Из Парижа мы приехали в Израиль и сразу включились в очень непривычную для нас, непростую жизнь этой страны. Там у нас родился сын, который, как я уже говорил, был первым в нашей группе саброй. Ему дали имя Дан. И тогда мы оказались в центре внимания уже израильской прессы. Фотографии Дана появились в израильских журналах. Когда ему делали обрезание, то был устроен чуть ли не национальный праздник, на который пришли даже самые большие военачальники, и среди них контр-адмирал Мока (Мордехай) Лимон, кстати, уроженец Барановичей в Белоруссии. На обрезании он подарил моему сыну серебряную чашу, которую привёз из Франции. Ему, в свою очередь, подарил эту чашу барон Ротшильд в Париже, где адмирал возглавлял израильскую военную миссию во Франции. На чаше по просьбе адмирала было выгравировано: «В этот день родился сын Севелы», имя новорождённого тогда ещё не было известно. 

 - Мы начали разговор, можно сказать, с середины вашей жизни. А как вы пришли к мысли о борьбе с всесильным режимом, благодаря которому ваша жизнь, жизнь мальчика из Бобруйска Фимы Драбкина, ставшего Эфраимом Севелой, складывалась более чем благополучно?

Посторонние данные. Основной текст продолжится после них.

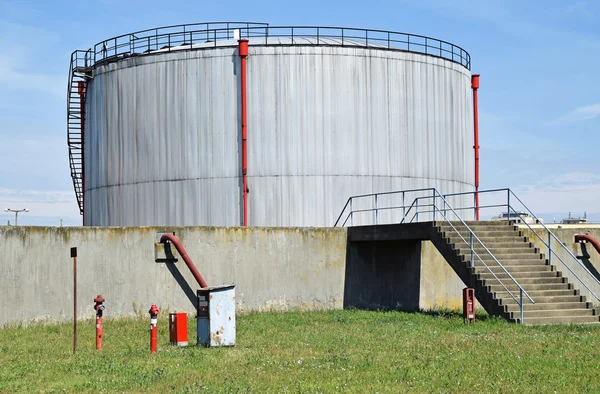 Газовый контейнер электростанции — стоковое фото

 - Я думаю, тут ответ стандартный. Даже самые благополучные люди в Советском Союзе рано или поздно начинали чувствовать, что их от постоянного вранья властей уже тошнит. Нас тошнило даже от благополучия, достигнутого в стране, где всё основано на лжи. Когда человек достигает определённого возраста, утверждается в своём благополучии, уже не рвётся вверх по карьерной лестнице, он задумывается о более нравственных формах существования. И тогда он порой решает бросить всё и сжигает все мосты. Так я в 43 года решил начать жизнь с нуля, хотя с точки зрения элементарной логики это было неразумно.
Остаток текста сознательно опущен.